The consumption of loose leaf tea itself was nothing new, but the practice was associated with peasants and the working class. Hongwu might have ascended the dragon throne, but he had grown up as the son of peasants. His decree to establish a new norm represented a watershed moment for the literati, inspiring the creation of new types of teaware. Pots and cups to steep and sip tea replaced tea ewers, bowls and bamboo whisks.
By the early 1500s, tea drinkers were experimenting with teapots made from different materials. Porcelain was the most common, followed by pewter and silver. The clay vessels from Yixing in Jiangsu province, however, were gaining popularity among the connoisseurs.

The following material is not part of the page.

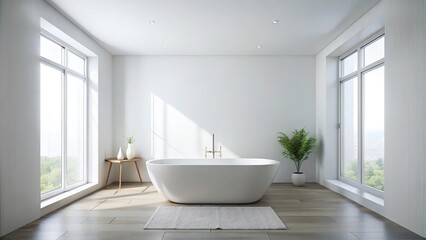 Fototapeta premium Minimalist white bathroom with freestanding tub seen from a low angle perspective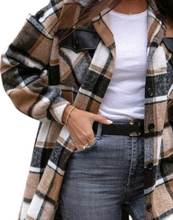 Load image into Gallery viewer, Plaid Leather Pocket Jacket Top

Known simply as Yixing zisha (literally, “purple clay”) teapots, they were moulded from clay found only in Yixing. Examples include duanni, zini and hongni. Typically left unglazed, the clay’s mineral constituents coupled with its unique porosity and heat retention properties meant that such teapots lent themselves extraordinarily well to brewing tea. In An Account of Yangxian Teapots, the first known monograph on teapots from Yixing – known as Yangxian before it was renamed – that dates back to approximately 1640, Ming dynasty poet-author Zhou Gao Qi wrote: “Teapots made from such clay are able to enhance the colour, fragrance and flavour of tea. Those made by renowned craftsmen weigh very little but cost 10 to 20 pieces of gold. As a result, the price of gold now is rivalled by the price of such clay.” Indeed, in the 21st century, such teapots – and especially those made by famous potters and ceramic artists such as Shi Dabin, Chen Mingyuan, Shao Daheng and Gu Jingzhou – are still much sought after for their peerless tea-brewing properties.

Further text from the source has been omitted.